EXCERPTED RECORDS ->
____

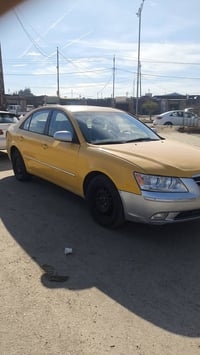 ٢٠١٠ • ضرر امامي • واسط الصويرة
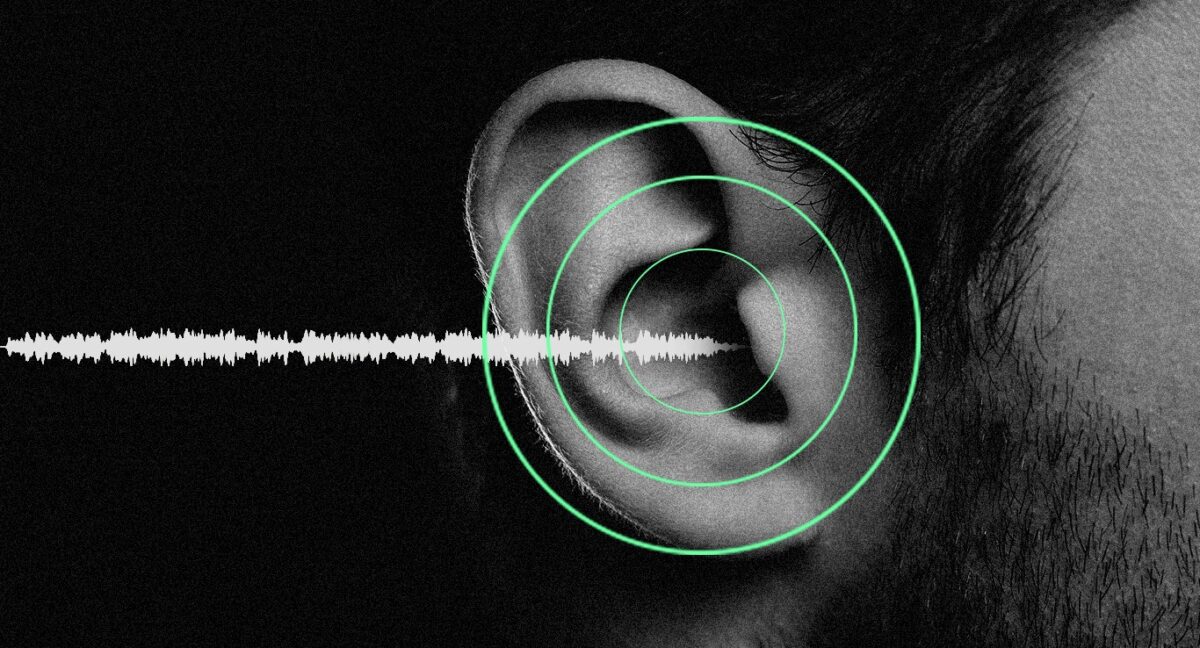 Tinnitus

____

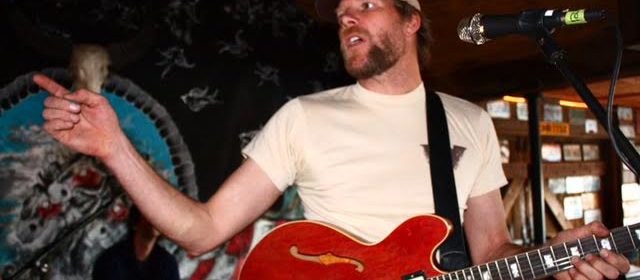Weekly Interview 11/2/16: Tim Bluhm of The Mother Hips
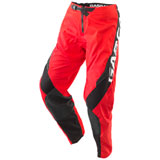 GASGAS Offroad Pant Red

____

ACTIVITY ->
Find the line with "Weekly Interview 11/2/16: Tim" and the line with "GASGAS Offroad Pant Red" in the records above. Copy both and all lines between them exactly, without pictures.

SOLUTION ->
Weekly Interview 11/2/16: Tim Bluhm of The Mother Hips
 GASGAS Offroad Pant Red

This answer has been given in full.